# How come snobs hate medieval and renaissance music



## deprofundis (Apr 25, 2014)

For them it's old rags, they scorn the fact some people preffer medieval and renaissance stuff over barorque and have somesort of interrest in modernism.

In other word im not a true classical affecionados, and im phony all the way,

Than i did a post on my hatred for a guy that i bash im for 5 year guess what in the end he was the one that harassed me all along by sending me friends of his that i though was mine but were hypocrite
and bullies.

I have a mod swing problem and people like to crank me up until i explode than they will tell the people look he is crazy he is psychotic or schizoid, there is a word in french for sutch kind of people
''des rappaces'' do they have even a soul for doeing this i beg to differ.

But on whit the music yeah i like the purity of vocal music of franco-flemish school , i like the glorious Guillaume de Machaut he is more complex tthan i though.

I hope you wont get turn off whit my posts, if so i feel sorry, bare whit me i encounter a rare kind of snakes and discover they were among my friends, this is a bit hard to take.


----------



## arpeggio (Oct 4, 2012)

For the same reason that some dislike Beethoven's _Ninth_ or deride any post Shostakovich classical music or whatever.

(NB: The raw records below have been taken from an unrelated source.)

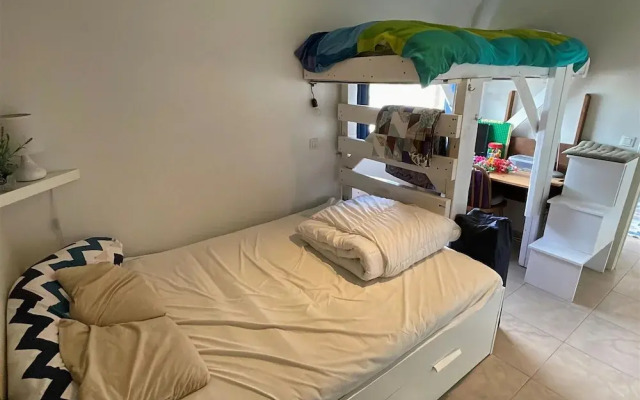 Charming Waterside Getaway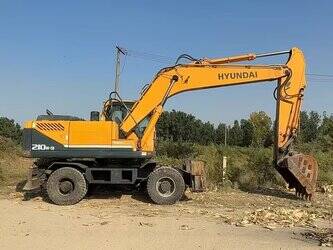 2023-hyundai-r210w-9-1393141-44210118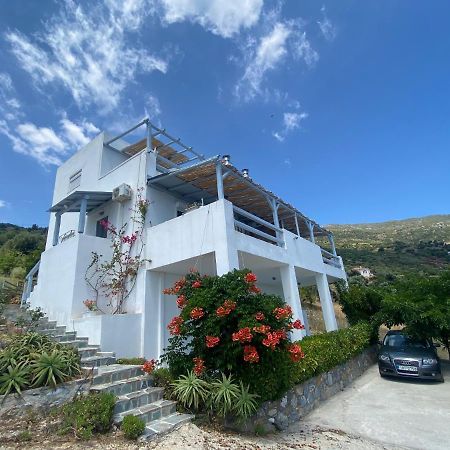 Villa Agnanti Akhladherí Exterior foto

Most of us here have very diverse musical tastes and like a little bit of everything.

For some I think it is ego. They really believe that if they do not like something there must be something wrong with it.


----------



## GreenMamba (Oct 14, 2012)

Amen, deprofundis. Testify!


----------



## norman bates (Aug 18, 2010)

Deprofundis tell me what you think of this


----------



## Ukko (Jun 4, 2010)

About that music there are 'snobs' both pro and con.


----------



## deprofundis (Apr 25, 2014)

very nice mister norman bates this is outstanding, thank you very mutch you have good classical music taste and non classical music as well and you are knowledge.


----------



## MarkW (Feb 16, 2015)

No offense, but because it's easy to classify someone who doesn't like what you like as a snob. There are jerks all over the internet. Don't generalize from your experience with one or two of them.


----------



## SeptimalTritone (Jul 7, 2014)

Deprofundis, while I haven't explored a whole lot of Renaissance music, I do like it a lot. I love the counterpoint, and I love the freedom from functional harmony, from tonic-dominant opposition. It's very Webernian in it's taking lines above chordal progression.

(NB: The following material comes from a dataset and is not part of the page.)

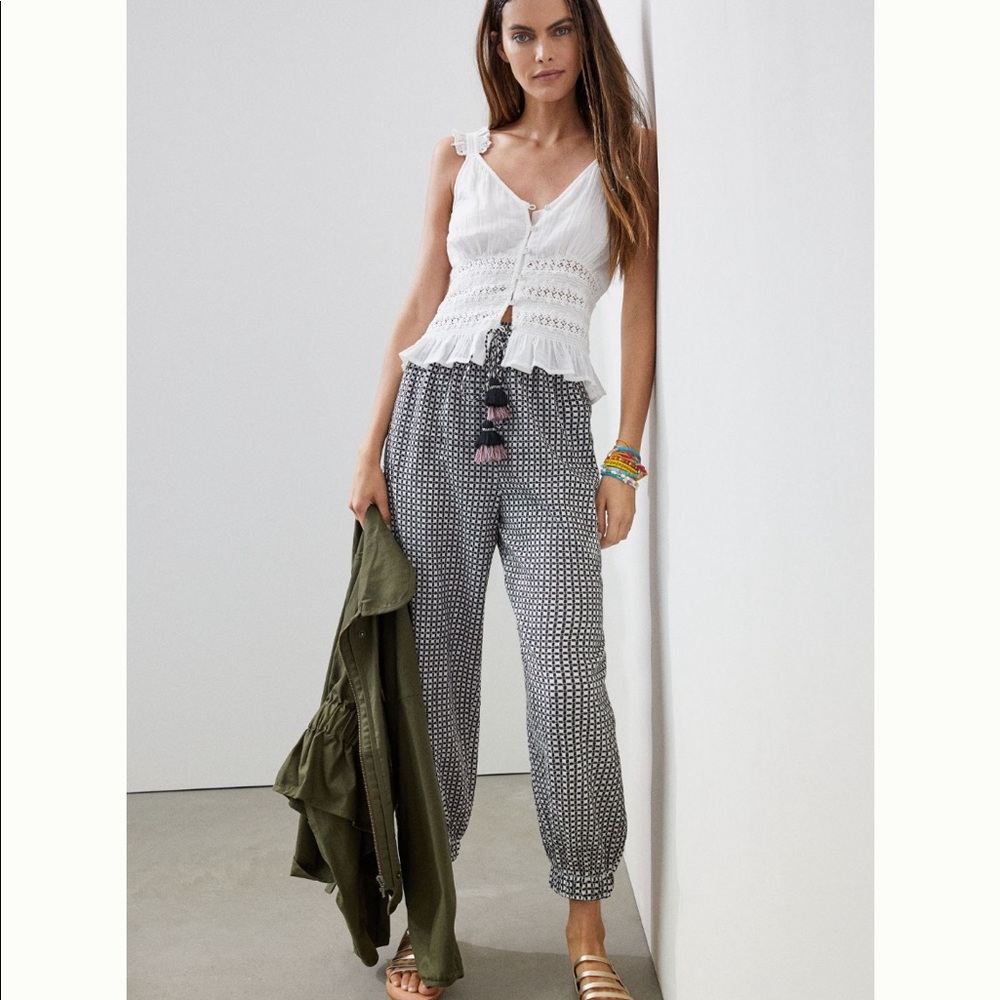 NWT Anthropologie Tassled Joggers. Size S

I agree with everything in your OP. I do think one has ample reason to keep their spirits up, however. Take pride in knowing that you can understand and appreciate vastly different kinds of classical/western/art music. In fact, some of the great early 20th century works must have traced their way back to the Renaissance's paradigm of line over chord and creation of sound structure, while going above and beyond in ingenuity and creativity: Bartok's Music for Strings, Percussion, and Celesta, Schoenberg's Five Pieces for Orchestra, Webern's Symphonie op 21.


----------



## Mahlerian (Nov 27, 2012)

arpeggio said:


> For some I think it is ego. They really believe that if they do not like something there must be something wrong with it.

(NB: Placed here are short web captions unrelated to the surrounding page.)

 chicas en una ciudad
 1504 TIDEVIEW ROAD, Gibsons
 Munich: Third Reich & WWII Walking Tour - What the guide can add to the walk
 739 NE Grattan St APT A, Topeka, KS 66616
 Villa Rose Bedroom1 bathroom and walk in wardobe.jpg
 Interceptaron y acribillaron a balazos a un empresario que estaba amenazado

https://en.wikipedia.org/wiki/Naïve_realism_(psychology)

People who believe that their personal perceptions have a one-to-one correspondence with reality tend to think this way (something all of us are prone to to one degree or another).


----------



## DaveM (Jun 29, 2015)

MarkW said:


> No offense, but because it's easy to classify someone who doesn't like what you like as a snob. There are jerks all over the internet. Don't generalize from your experience with one or two of them.


I agree. People who are secure about their own tastes and preferences are quite comfortable ignoring the 'jerks' who make value judgments about music that other people appreciate. Those who aren't play the victim. And just so it's clear, a value judgment is tantamount to saying that certain music is crap which is not the same as someone saying, 'I can't stand that type of music.'


----------



## violadude (May 2, 2011)

This might be somewhat of a nitpick on my part, but aren't "snobs" more likely to enjoy Medieval and Renaissance music? I mean, hour long masses made up of nothing but long melodic lines and dense counterpoint isn't exactly what I'd call every man music...


----------



## norman bates (Aug 18, 2010)

deprofundis said:


> very nice mister norman bates this is outstanding, thank you very mutch you have good classical music taste and non classical music as well and you are knowledge.


poor knowledge, thinking that I can barely speak a very poor english... anyway I'm glad you liked it!


----------



## Manxfeeder (Oct 19, 2010)

violadude said:


> This might be somewhat of a nitpick on my part, but aren't "snobs" more likely to enjoy Medieval and Renaissance music? I mean, hour long masses made up of nothing but long melodic lines and dense counterpoint isn't exactly what I'd call every man music...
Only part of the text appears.